You mean the whole Vienna region (practically the whole historic Austria, both Lower and Upper) would speak Hungarian, which would be the probable result of this scenario. I know this is relatively far-fetched, but how it would impact the latter-day history of this part of Central Europe?
 
I'm sure it would have some effect, but concentrating on that is burying the lede a bit - the death of Otto in 955, before he's even emperor and before the birth of the future Otto II (who was born later in 955), is undoubtedly a far greater butterfly-generator than the expansion of the Magyars into Austria.

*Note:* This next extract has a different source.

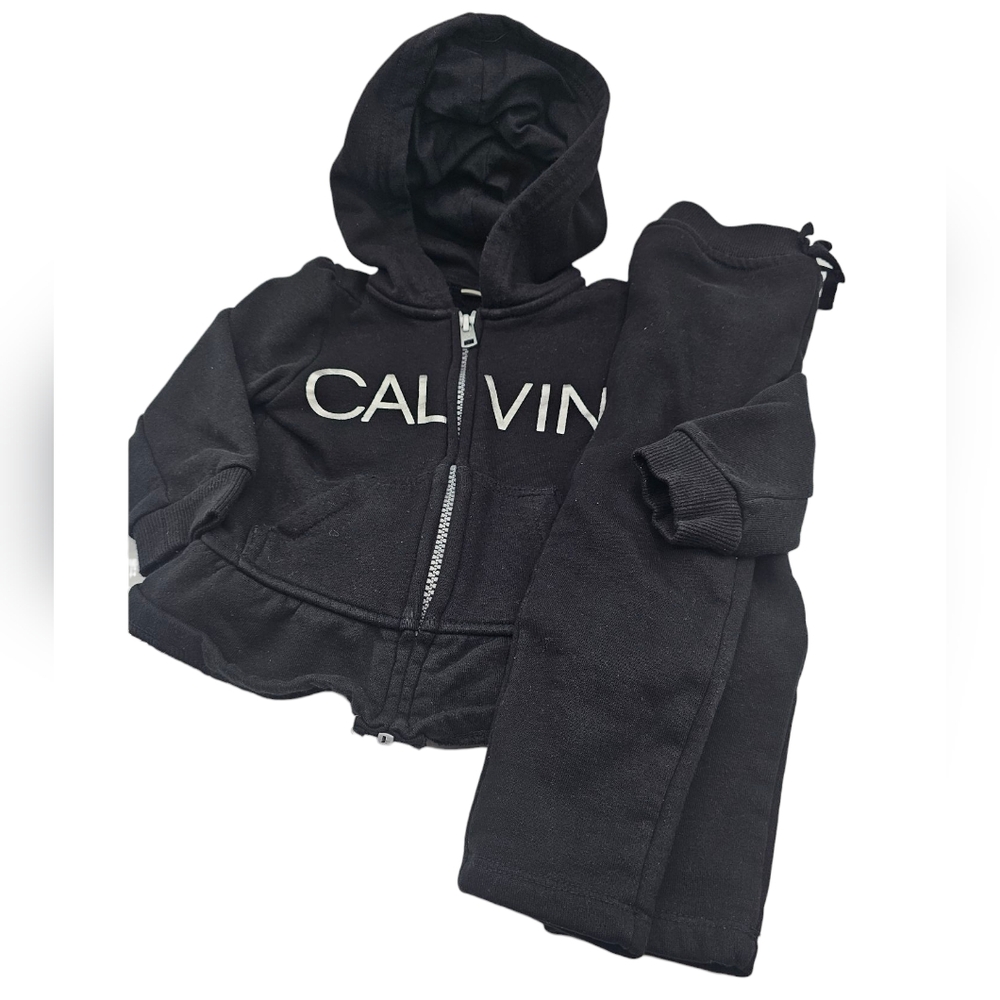 Calvin Klein Black Hoodie and Joggers Set Toddler Girl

Of course, you can theoretically still get a "major Hungarian victory" without Otto dying, but in that case the Magyars might not have so good a chance at overrunning or hanging on to the Austrian march. As stated, by the 950s the Germans were the superior party in this conflict, and I feel you'd really need to knock the stuffing out of them (like by killing Otto in 955) if you want to allow the Magyars to make any permanent gains at all, even if it's just pushing the Hungarian-German frontier into Austria.
 
Otto's death may be a blow, but Germany wouldn't necessarily descend in civil war, under the Hungarian threat his son Liudolf can easily be elected King, or his brother Henry of Bavaria (Liudolf has a much larger powerbase though). Assuming whatever succeeds Otto manages to rebuild an army he can defeat the Magyars.

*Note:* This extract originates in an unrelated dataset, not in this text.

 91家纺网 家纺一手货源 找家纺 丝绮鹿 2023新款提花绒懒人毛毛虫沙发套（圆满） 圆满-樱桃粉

For sources on stuff, aside from Germany in the Early Middle Ages, there is Heart of Europe by Peter H. Wilson and for Hungary The Realm of St. Stephen, by Pál Engel.
 
I don't know how large his powerbase actually in in 955 given that he'd just been defeated in his rebellion a year earlier and lost his duchy in the process.

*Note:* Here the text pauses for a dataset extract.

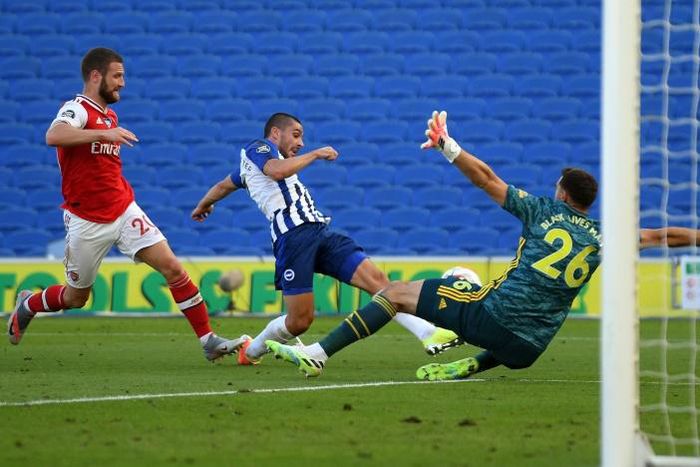 Brighton striker Neal Maupay scores their winner against Arsenal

If Henry of Bavaria still dies in late 955 as IOTL, I suspect Liudolf's transition is going to be pretty seamless. If Henry lives, however - well, he's the most powerful duke, he rebelled against Otto for the crown once before, and he fought against Liudolf in the 953-4 civil war. He's also arguably the German leader with the most personal success against the Magyars, which in the aftermath of the Lechfeld Disaster is probably going to be a point in his favor. I think there's a serious possibility he might contest the crown with Liudolf, and Henry might well have the upper hand in that contest.
 
By heredity he's Duke of Saxony, Otto only gave Saxony to the Billungs after being crowned Emperor and even so as more of a viceroyalty, and Franconia, despite Otto never using the title he still held the Duchy as an allodial possession.
 
Hermann Billung may not have actually had the title of Duke, but he was certainly the leading man in Saxony at that time and had opposed Liudolf during the 953-4 rebellion. I mean, the Saxons may well have supported Liudolf against Henry in a theoretical civil war, but I'm not sure it's a done deal just because Liudolf holds the ducal title by heredity. It's entirely possible that individual Saxon lords take opposing sides just as they did in Liudolf's rebellion.

I'm not saying that Liudolf can't win, just that I don't think his succession is locked up if in 955 Otto dies and Henry of Bavaria doesn't. Henry has the potential to be a serious opponent if he lives long enough to try.
 
What about Conrad the Red? If he had betrayed Otto (they had quite a bit of history) and made an agreement with the Magyars.